◆ **WHAT THE TASK ASKS**
Each line from the one containing "安静的轻音乐 - 办公室LOUNGE" to the last line of the listing below is to be duplicated exactly, and no picture is to be carried over.

◆ **SOURCE MATERIAL**
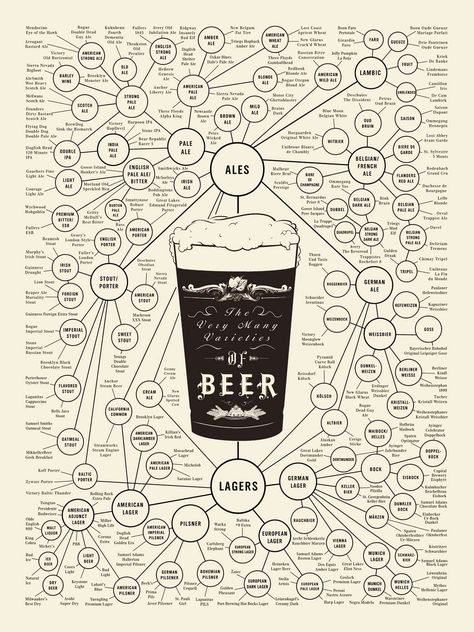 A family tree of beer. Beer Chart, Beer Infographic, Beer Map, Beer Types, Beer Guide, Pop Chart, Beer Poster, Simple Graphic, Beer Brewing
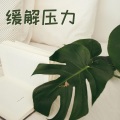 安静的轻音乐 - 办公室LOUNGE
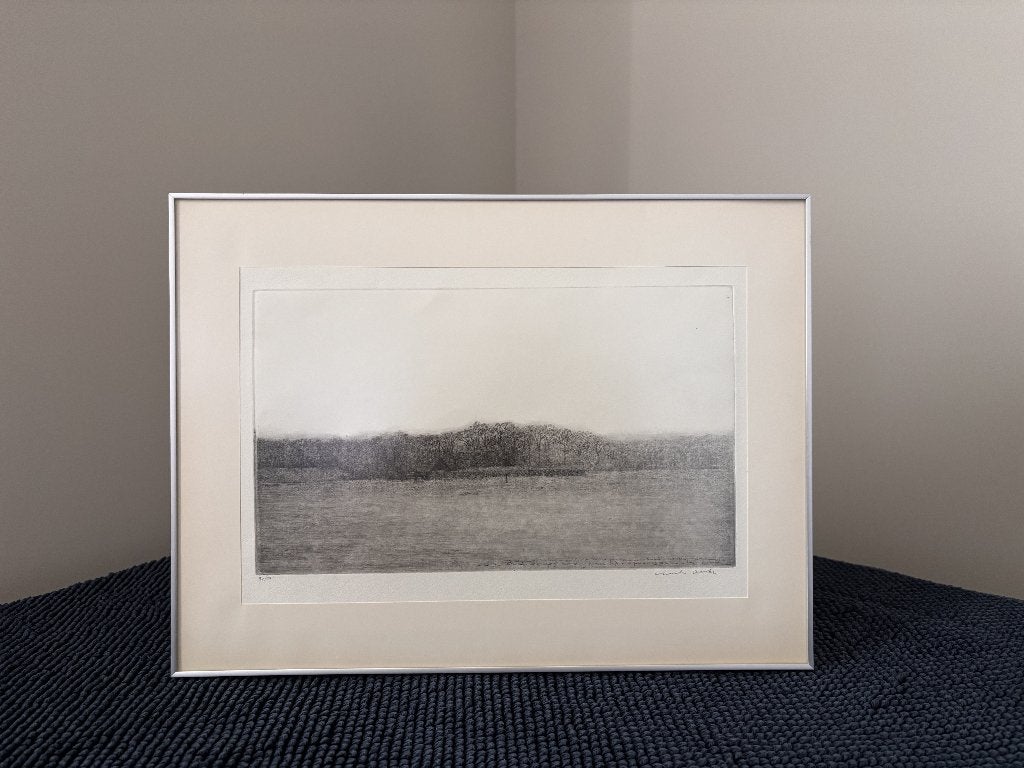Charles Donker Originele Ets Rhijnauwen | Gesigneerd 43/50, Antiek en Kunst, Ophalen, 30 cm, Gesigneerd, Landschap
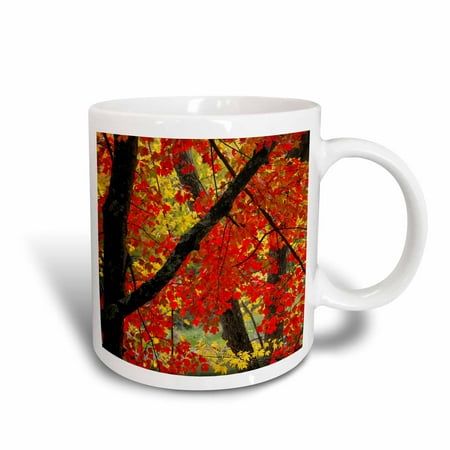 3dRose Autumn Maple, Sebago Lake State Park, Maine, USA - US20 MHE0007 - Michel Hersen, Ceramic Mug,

◆ **EXPECTED ANSWER**
 安静的轻音乐 - 办公室LOUNGE
Charles Donker Originele Ets Rhijnauwen | Gesigneerd 43/50, Antiek en Kunst, Ophalen, 30 cm, Gesigneerd, Landschap
 3dRose Autumn Maple, Sebago Lake State Park, Maine, USA - US20 MHE0007 - Michel Hersen, Ceramic Mug,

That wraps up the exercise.